As it would’ve happened millions and trillion years ago, Keikei en-cashes her two boons – exile to Rama and throne to Bharata – at the cost of Dasaratha’s death. Rama leaves for forest leaving all luxuries of a prince.
Laxamana, the dutiful brother, and Sita, the devoted wife, accompany him to the exile. Bharata returns and learns the course of events which heartbreak him. He curses the Keikei, apologizes to Kaushalaya, refuses the crown and decides to bring back Rama and hand him over the throne.
He in the company of Gurus, Matas and Praja reaches Rama’s abode in Chitrakoot and tries every trick and technique to convince Rama to come back but Rama who know the real purpose of his exile turns down his request.

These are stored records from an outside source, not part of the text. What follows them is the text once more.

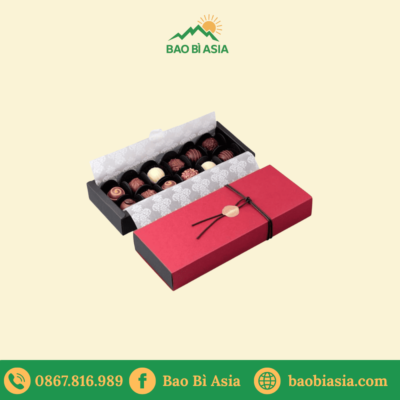 HGB29 - Hộp Giấy Đựng Sô Cô La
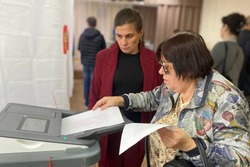 В Тамбовской области избиратели с нарушениями зрения приняли участие в голосовании 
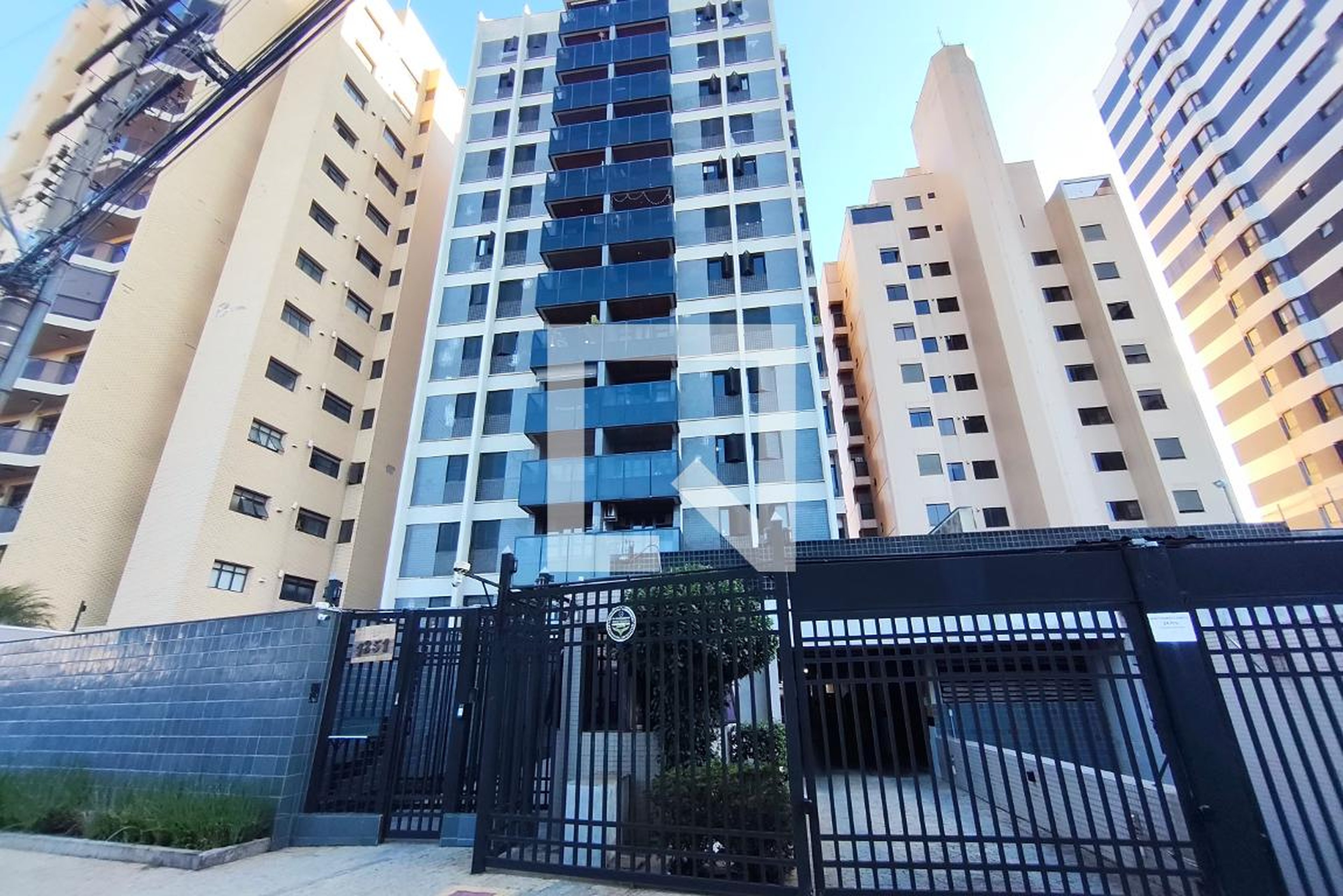 Fachada do Condomínio Condomínio Chapultepec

Unable to convince the Rama, Bharata vows to live like a hermit in Ayodhaya and install Rama’s padukas (Sandals and footwear as they call it in the book) on the throne.
Book 2 ends at Rama being ready to teach Raakshasas (evil spirits) a lesson, who are giving a real hard time to sages in the forest.
You must be thinking that I have revealed the story but it is something that must have been known to you now, thanks to numerous books, animation movies and TV serials that have been made on this epic.
But that doesn’t give you a reason to miss this book. In fact it is the reason you must read this. It’s a very good translation of one of the greatest epic, Ramayana, which is based on chronicles of Rama, the seventh avatar of Vishnu, who is also referred to as Maryada Purushottam meaning the Perfect Man or Lord of Self-Control or Lord of Virtue.
As far as I am concerned, I remember reading Ramayana in sixth class (Sankshipta Ramanyana) as a part of the curriculum and as I can recall it had mesmerized me completely. And I am glad to say that Shattered Dreams has mesmerized me no less.
Though there is nothing new in the story (for the good), the way it has been narrated takes me by surprise as it has beautifully captured the essence and expression of this great epic.
There are several translations of Ramayana available in the market. Though I haven’t read any of these but I must say Shubha Vilas’ version is a winning attempt as he hasn’t experimented much. He’s just kept it simple, picking the simple but sateek words using some good prose.
While reading it, I hated the Keikei as much I did as a sixth class student. The Bharata’s love and devotion Rama overwhelmed me as much it did long ago. Overall I loved it and if you are someone whom Indian mythology excites, you would love it too.